Mistral Small 4, with 119 billion parameters and 60 billion active parameters, consolidates the capabilities of Mistral’s flagship models, offering a high-efficiency model optimized for both general chat, coding, and agentic tasks. Both models are designed to run locally on DGX Spark and RTX PRO GPUs.
For GeForce RTX users seeking lighter models, NVIDIA released Nemotron 3 Nano 4B, a smaller yet powerful model for building local agents and assistants on RTX AI PCs. This model is particularly suited for implementing conversational personas that can perform actions within hardware-constrained environments like games or applications, offering high instruction-following capabilities and tool usage performance with minimal VRAM requirements.
NVIDIA also announced optimizations for Alibaba’s Qwen 3.5 model, demonstrating high accuracy across various sizes (27B, 9B, 4B) and suitability for running local agents on NVIDIA GPUs. The model natively supports vision, multi-token prediction, and a large context window of up to 262,000 tokens. The 27 billion parameter version demonstrates enhanced performance when paired with an RTX 5090 GPU.

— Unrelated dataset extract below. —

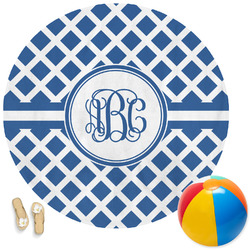 Diamond Round Beach Towel (Personalized)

These models are accessible through platforms like Ollama, LM Studio, and llama.cpp, enabling users to experience accelerated inference on RTX GPUs and DGX Spark systems.
Recent updates to Lightricks’ LTX 2.3, an audio-video model, now support NVFP4 and FP8 distilled models, resulting in a 2.1x performance improvement. Black Forest Labs’ FLUX.2 Klein 9B model has also seen image editing speeds increased by up to 2x with recent updates, with NVIDIA collaborating to release an FP8 version optimized for performance and memory efficiency on RTX GPUs.

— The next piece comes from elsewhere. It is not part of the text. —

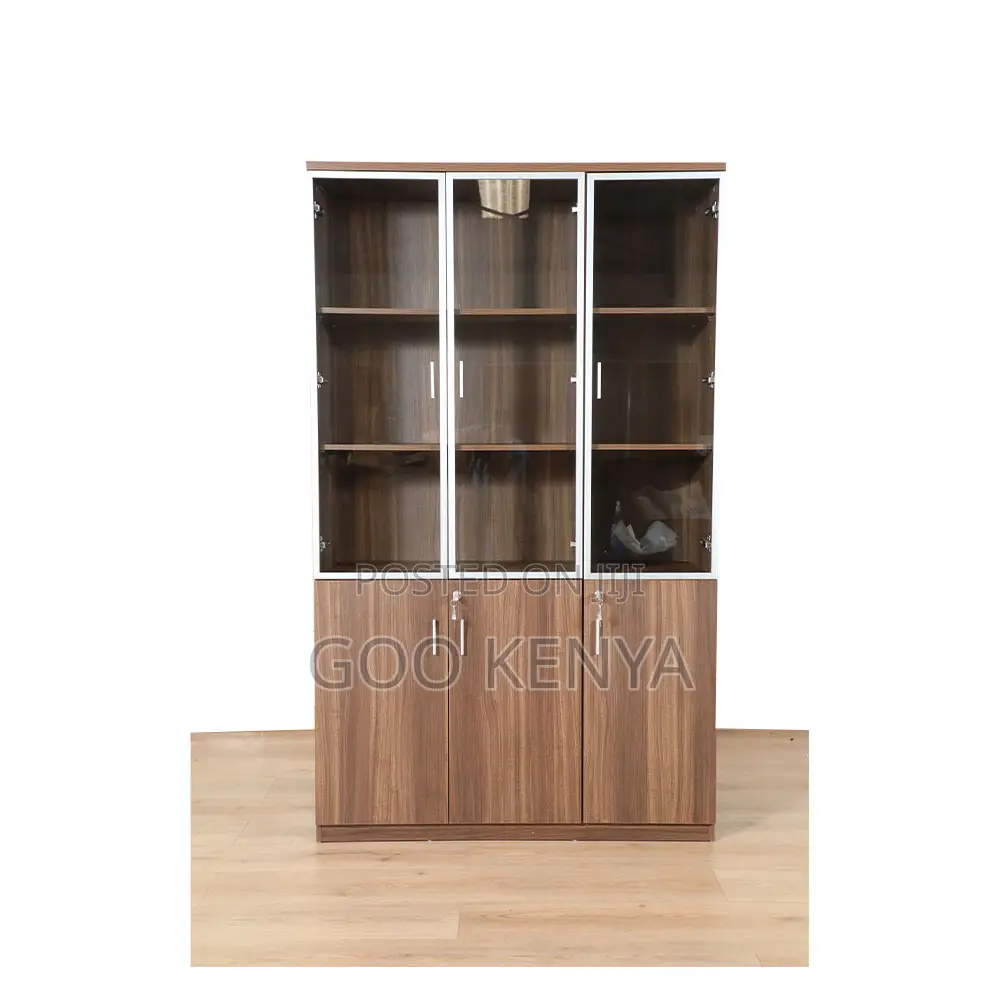 Conference Table ; 3-Door Wooden Office Cabinet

Addressing concerns around token costs, security, and privacy associated with agentic systems like openclow, NVIDIA introduced NemoClaw, an open-source stack for optimizing openclow on NVIDIA devices. NemoClaw initially features NVIDIA Nemotron open models and the NVIDIA OpenShell runtime, allowing users to execute inference locally, enhancing privacy and eliminating token costs. OpenShell is designed as a secure runtime for running claws.

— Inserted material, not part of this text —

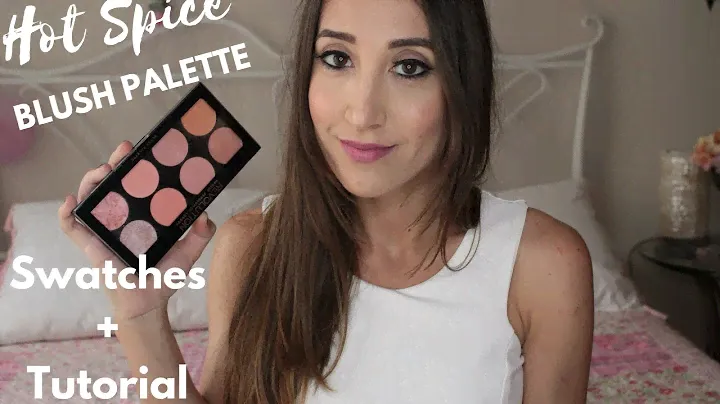 Makeup Revolution Blush Palette - Hot Spice - Swatches & Review | Milleunrossetto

To simplify the process of fine-tuning open models, NVIDIA launched Unsloth Studio, a web-based, user-friendly interface. Supporting over 500 AI models, Unsloth Studio streamlines training and fine-tuning, allowing users to upload datasets, generate high-quality synthetic data through a graph-based canvas, and initiate fine-tuning. The studio supports quantized low-rank adaptation, low-rank adaptation, and full fine-tuning, providing real-time monitoring and visualization of the process. The new interface leverages custom GPU kernels to accelerate training by up to 2x and reduce VRAM usage by up to 70%, enabling users to maximize the performance of NVIDIA RTX GPUs and DGX Spark systems. Unsloth Studio now supports Nemotron 3 Nano 4B and Qwen 3.5.